CheetahER: A Fast Entity Resolution System for Heterogeneous Camera Data

The SIGMOD Programming Contest 2020 raises a real-world entity resolution problem, which requires to identify product specifications from multiple e-commerce websites that represent the same real-world cameras. Entity resolution has been extensively studied and the general solution framework consists of two phases: blocking and matching. Most existing works focus on the matching phase, which trains (complex) models on large volumes of data and uses the models to decide whether a pair of descriptions refers to the same real-world object. However, training a high-quality model is difficult for the SIGMOD contest because there is only a limited amount of labeled data and the product specifications can be dirty and incomplete. In this paper, we propose CheetahER, an accurate and efficient entity resolution system.
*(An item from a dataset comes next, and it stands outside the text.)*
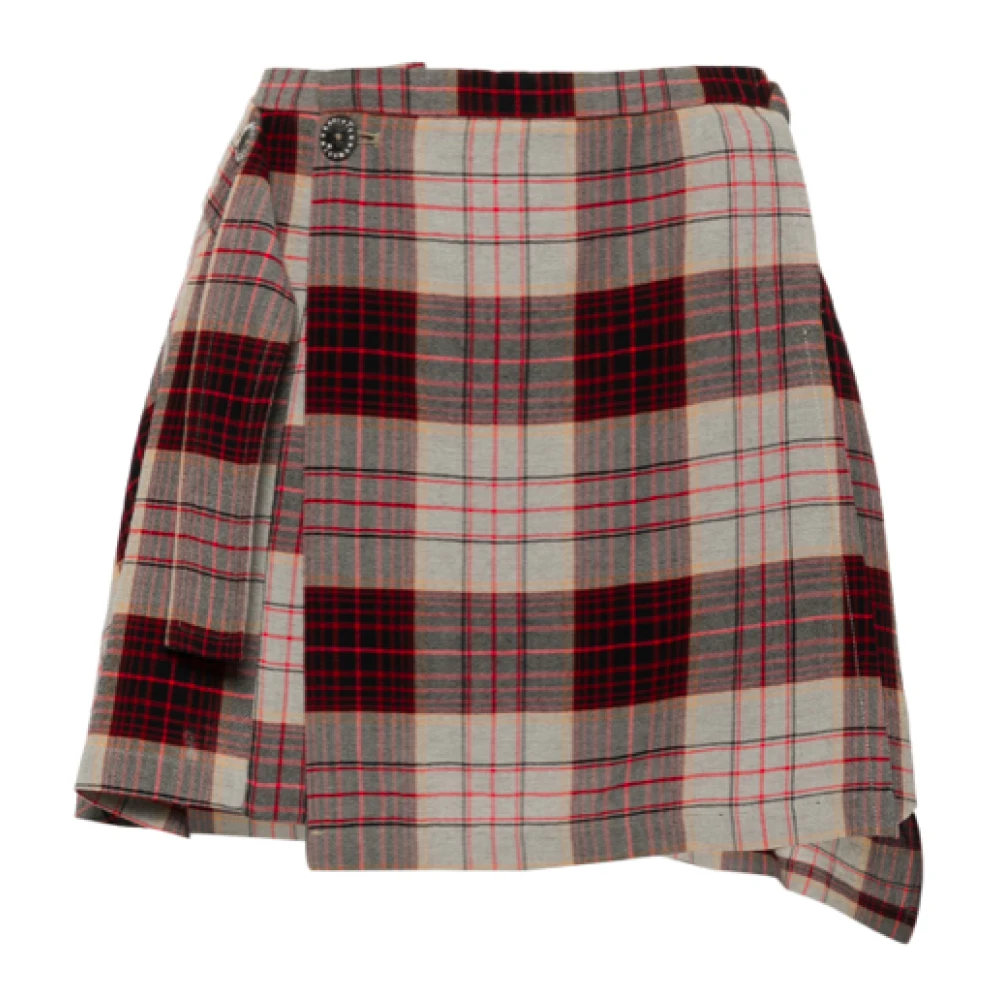 Vivienne Westwood Rode Geruite Kilt Rok Red Dames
Different from existing works, we focus on improving the effectiveness of the blocking phase, which is overlooked in both academia researches and industry systems, and propose a two-phase blocking framework to group the product specifications according to brand and model. The pre-processing and data cleaning procedures are also carefully designed to improve data quality. CheetahER ranks the 1st in accuracy among 53 teams and completes the task within 20 seconds. Even though some designs of CheetahER are specialized for camera datasets, its novel two-phase blocking framework and operators (i.e., merging and splitting) may generalize to other entity resolution tasks.